Sunday, September 23, 2012

The challenge of retelling Grimms' fairy tales


The characters are conventional, the imagery obvious and there's very little description – but the stories are irresistible. Philip Pullman on rewriting fifty of his favourites

Sleeping Beatuy
An illustration for "Sleeping Beauty', by Julius Diez, c1900. Photograph: Interfoto/Alamy

Fed
Up so long and variously by
Our age's fancy narrative concoctions,
I yearned for the kind of unseasoned telling found
In legends, fairy tales, a tone licked clean
Over the centuries by mild old tongues,
Grandam to cub, serene, anonymous
… So my narrative
Wanted to be limpid, unfragmented;
My characters, conventional stock figures
Afflicted to a minimal degree
With personality and past experience –
A witch, a hermit, innocent young lovers,
The kinds of being we recall from Grimm,
Jung, Verdi, and the commedia dell'arte.

So writes the American poet James Merrill at the opening of "The Book of Ephraim", the first part of his extraordinary long poem The Changing Light at Sandover (1982).

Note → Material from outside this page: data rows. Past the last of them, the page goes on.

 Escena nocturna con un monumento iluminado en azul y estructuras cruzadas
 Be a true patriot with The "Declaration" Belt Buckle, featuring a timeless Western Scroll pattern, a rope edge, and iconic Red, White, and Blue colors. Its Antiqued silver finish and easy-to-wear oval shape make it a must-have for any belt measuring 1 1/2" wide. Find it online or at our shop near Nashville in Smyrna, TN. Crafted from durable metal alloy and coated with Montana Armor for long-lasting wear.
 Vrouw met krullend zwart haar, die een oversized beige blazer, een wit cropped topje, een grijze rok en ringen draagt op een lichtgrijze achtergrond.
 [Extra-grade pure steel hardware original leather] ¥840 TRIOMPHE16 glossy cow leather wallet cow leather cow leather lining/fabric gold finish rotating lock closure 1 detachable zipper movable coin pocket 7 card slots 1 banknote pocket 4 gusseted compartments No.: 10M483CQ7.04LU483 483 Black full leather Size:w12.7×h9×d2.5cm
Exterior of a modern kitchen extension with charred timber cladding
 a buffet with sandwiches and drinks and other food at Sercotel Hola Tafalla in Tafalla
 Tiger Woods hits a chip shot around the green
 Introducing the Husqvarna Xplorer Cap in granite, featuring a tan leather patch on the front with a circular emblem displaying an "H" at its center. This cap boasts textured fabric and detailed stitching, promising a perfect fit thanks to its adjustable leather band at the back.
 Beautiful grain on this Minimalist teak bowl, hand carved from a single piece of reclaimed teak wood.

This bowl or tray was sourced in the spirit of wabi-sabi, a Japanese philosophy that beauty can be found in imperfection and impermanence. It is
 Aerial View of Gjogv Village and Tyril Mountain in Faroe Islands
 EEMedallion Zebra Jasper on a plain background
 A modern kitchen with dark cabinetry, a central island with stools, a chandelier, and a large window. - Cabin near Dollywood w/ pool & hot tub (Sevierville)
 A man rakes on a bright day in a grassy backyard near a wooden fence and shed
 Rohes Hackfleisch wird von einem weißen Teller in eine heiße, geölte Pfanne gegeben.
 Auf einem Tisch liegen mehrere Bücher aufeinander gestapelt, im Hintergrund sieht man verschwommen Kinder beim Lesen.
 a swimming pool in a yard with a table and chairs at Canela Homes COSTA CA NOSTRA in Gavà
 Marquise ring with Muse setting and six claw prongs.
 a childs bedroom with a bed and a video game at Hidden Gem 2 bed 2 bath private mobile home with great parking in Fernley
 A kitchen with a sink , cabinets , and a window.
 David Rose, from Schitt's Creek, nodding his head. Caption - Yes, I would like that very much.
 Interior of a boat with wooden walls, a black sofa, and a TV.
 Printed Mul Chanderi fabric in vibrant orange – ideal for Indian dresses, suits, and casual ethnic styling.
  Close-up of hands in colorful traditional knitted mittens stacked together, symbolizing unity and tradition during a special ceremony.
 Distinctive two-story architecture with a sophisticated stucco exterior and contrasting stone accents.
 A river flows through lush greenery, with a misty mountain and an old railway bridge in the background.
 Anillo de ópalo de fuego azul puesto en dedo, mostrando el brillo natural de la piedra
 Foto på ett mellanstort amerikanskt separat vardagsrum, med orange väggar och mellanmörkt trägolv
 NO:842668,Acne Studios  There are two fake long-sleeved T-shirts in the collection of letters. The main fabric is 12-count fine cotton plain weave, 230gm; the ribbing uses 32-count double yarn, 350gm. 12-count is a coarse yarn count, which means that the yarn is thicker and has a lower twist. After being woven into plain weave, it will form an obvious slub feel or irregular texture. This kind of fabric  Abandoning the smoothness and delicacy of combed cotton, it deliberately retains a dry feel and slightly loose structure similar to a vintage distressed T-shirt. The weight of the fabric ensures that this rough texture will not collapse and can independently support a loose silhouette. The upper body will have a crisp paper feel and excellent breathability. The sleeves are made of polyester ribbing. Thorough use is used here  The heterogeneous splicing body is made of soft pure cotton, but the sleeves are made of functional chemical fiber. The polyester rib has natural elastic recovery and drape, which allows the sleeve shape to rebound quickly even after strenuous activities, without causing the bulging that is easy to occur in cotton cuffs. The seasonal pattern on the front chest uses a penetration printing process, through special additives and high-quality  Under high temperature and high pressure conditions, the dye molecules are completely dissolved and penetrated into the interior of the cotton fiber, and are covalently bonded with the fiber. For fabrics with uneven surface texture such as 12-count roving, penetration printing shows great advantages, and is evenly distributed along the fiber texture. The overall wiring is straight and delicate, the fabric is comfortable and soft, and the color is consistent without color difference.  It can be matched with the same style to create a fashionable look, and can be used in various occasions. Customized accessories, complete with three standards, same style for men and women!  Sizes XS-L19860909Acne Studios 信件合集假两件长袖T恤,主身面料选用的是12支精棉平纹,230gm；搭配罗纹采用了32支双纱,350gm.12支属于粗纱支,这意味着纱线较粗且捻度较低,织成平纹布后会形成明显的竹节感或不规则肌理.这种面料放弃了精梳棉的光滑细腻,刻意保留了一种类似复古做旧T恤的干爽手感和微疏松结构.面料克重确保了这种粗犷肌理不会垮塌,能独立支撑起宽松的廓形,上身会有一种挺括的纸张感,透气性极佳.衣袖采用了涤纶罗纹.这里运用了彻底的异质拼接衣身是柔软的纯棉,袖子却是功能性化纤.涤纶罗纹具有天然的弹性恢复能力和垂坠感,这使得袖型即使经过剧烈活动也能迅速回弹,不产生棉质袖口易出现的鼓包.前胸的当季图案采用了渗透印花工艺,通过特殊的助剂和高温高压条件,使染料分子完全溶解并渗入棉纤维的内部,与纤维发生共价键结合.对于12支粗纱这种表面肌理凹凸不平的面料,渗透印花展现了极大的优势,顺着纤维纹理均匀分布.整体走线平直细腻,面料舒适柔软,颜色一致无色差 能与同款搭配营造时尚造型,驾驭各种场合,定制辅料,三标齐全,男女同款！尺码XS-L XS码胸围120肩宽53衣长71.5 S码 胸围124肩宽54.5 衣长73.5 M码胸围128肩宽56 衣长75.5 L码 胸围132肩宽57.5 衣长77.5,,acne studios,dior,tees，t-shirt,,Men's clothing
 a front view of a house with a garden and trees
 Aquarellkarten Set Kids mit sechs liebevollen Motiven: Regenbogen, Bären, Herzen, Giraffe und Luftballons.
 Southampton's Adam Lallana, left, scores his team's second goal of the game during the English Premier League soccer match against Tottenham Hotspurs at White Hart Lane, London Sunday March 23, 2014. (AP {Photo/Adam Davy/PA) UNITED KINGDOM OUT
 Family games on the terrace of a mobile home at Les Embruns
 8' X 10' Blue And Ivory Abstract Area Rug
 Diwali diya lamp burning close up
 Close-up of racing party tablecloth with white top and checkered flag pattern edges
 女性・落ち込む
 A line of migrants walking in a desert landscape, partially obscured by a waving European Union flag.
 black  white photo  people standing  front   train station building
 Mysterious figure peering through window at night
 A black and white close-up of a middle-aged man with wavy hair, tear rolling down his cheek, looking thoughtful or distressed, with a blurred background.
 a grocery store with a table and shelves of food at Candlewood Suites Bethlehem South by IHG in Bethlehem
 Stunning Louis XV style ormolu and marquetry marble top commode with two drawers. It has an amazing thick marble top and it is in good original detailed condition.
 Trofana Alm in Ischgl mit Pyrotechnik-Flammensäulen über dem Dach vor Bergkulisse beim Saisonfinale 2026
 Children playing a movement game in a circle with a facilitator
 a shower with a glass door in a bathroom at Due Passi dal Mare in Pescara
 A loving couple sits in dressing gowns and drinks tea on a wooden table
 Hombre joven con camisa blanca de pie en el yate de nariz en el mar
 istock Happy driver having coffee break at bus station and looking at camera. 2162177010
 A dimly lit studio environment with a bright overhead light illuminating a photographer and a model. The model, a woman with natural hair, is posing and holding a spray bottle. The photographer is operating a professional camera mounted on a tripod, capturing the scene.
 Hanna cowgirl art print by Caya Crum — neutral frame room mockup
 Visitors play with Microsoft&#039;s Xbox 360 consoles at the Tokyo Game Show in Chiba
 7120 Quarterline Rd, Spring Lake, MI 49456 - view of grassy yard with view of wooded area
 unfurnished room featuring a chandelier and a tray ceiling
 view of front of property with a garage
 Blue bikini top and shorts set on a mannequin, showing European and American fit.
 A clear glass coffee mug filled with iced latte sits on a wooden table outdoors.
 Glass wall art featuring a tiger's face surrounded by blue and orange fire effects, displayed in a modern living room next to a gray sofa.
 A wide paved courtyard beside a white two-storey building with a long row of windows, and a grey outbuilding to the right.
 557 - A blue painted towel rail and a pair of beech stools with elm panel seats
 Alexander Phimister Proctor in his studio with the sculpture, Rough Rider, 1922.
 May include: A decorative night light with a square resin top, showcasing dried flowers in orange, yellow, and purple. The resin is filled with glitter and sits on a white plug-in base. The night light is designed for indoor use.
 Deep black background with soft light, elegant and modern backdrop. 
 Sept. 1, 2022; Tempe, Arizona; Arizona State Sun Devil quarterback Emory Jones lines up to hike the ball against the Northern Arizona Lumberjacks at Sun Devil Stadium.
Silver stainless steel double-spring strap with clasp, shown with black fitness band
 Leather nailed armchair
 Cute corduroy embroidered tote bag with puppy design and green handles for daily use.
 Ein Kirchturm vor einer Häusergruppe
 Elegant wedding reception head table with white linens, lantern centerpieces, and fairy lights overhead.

Discussing the way in which he hopes to tell a story of his own, he singles out two of the most important characteristics of the fairy tale, as he sees it: the "serene, anonymous" voice in which it's told, and the "conventional, stock figures" who inhabit it.
When Merrill mentions "Grimm", he needs to say no more: we all know what he means. For most western readers and writers in the past two hundred years, the Kinder- und Hausmärchen (Children's and Household Tales) of the Brothers Grimm has been the fountain and origin of the western fairy tale, the greatest collection, the most widely distributed in the largest number of languages, the home of all we feel to be unique in that kind of story.